The EU’s Split Personality
Critique Internationale (International Critique), No. 13, October 2001, Paris The European Union (EU) has always been something of a hybrid, with political ambitions grafted on to economic roots. Since the first tentative steps toward integration half a century ago, member governments have used economic measures to promote political cooperation. In spite of the name change ...
Critique Internationale (International Critique),
No. 13, October 2001, Paris
Critique Internationale (International Critique),
No. 13, October 2001, Paris
The European Union (EU) has always been something of a hybrid, with political ambitions grafted on to economic roots. Since the first tentative steps toward integration half a century ago, member governments have used economic measures to promote political cooperation. In spite of the name change from an "economic community" to a more ambitious "union," the EU remains primarily an economic arrangement.
Some countries are happier with this status quo than others.

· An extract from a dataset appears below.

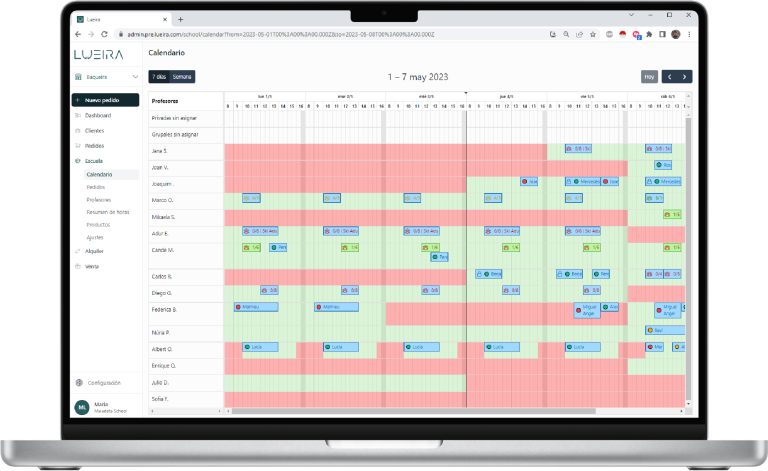 Calendario de la escuela en Lueira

The United Kingdom has historically been reluctant to move beyond a simple free trade area with free movement of capital and labor; former Prime Minister Margaret Thatcher was often the bête noire of pro-Europeans for her vociferous defense of the strictly economic nature of the EU. Many continental European commentators recoil at this idea. Former European Commission President Jacques Delors, German Foreign Minister Joschka Fischer, and others have all called recently for greater political union.
A recent article by Nicolas Jabko in the quarterly Critique Internationale — published by the prestigious Institute for Political Studies in Paris — attempts to bridge this divide. Jabko, a researcher at the Paris-based Center of International Research and Studies, argues that if the aim of European integration had been solely to create a free trade area, the EU would never have gotten off the ground and no single market or single currency would exist today. But at the same time, he concedes that "market forces" have helped shape political choices and create political momentum.
In Jabko’s careful, if somewhat laborious, analysis, he attempts to untangle the political-economic nexus. In the early postwar decades, he argues, the reasons for forging closer ties within Europe were so obvious that they were not even discussed; three wars in four generations between France and Germany sufficed to show the need for cooperation. At least since the early 1980s, however, the interaction between politics and economics has become more complex. A loss of faith by governments in the ability of industrial policy, protectionism, and even activist monetary policies to produce prosperity has reduced the perceived scope for national economic policies and opened the field to pan-European approaches to policy reform. In this environment, further European integration presents a rallying point both for laissez-faire types and for those unrepentant policy activists who still see a crucial economic role for the state.
Jabko believes that governments can pursue unpopular policies at both a national and regional level because European integration is presented as a means of fostering regional development, not as an excuse to give market forces free rein. Thus, complementary European-level policies aim to ensure that those regions bearing a disproportionate share of the costs of integration have access to structural funds that help them develop local infrastructure and attract investment — such as the massive Japanese and American investments that have gone to Wales and Scotland. Such structural funds are not large, but they are politically important. European integration must be seen as beneficial to all if it is to succeed. In other words, the European project is presented as a way of harnessing the pressures of market forces within a European social model.
But even if one accepts this political imperative behind European integration, a nagging question remains: What drives this imperative? Is a united Europe really the only "big idea" left among the many that have been demolished by market forces over the past two decades? Perhaps, but in France at least, market forces have a name: Anglo-Saxon capitalism. If right and left in Europe can agree on the European ideal as a rallying cry, they do so primarily to compete with — and sometimes confront — the economic colossus across the Atlantic.
Will this political desire for parity with the United States on the world stage sustain further attempts at European integration, notably in the area of common defense and foreign policies, the direct election of the president of the European Commission, and a European Constitution? Will the creation of a single market and a single currency serve as a catalyst in these areas, much as market forces did in the 1980s? Or will teething difficulties surrounding the move to a common currency make further reforms even less likely? The risk of using economic policies to further political objectives is that any further political integration will ultimately hinge on the success of those economic policies. A hybrid is only as healthy as its roots.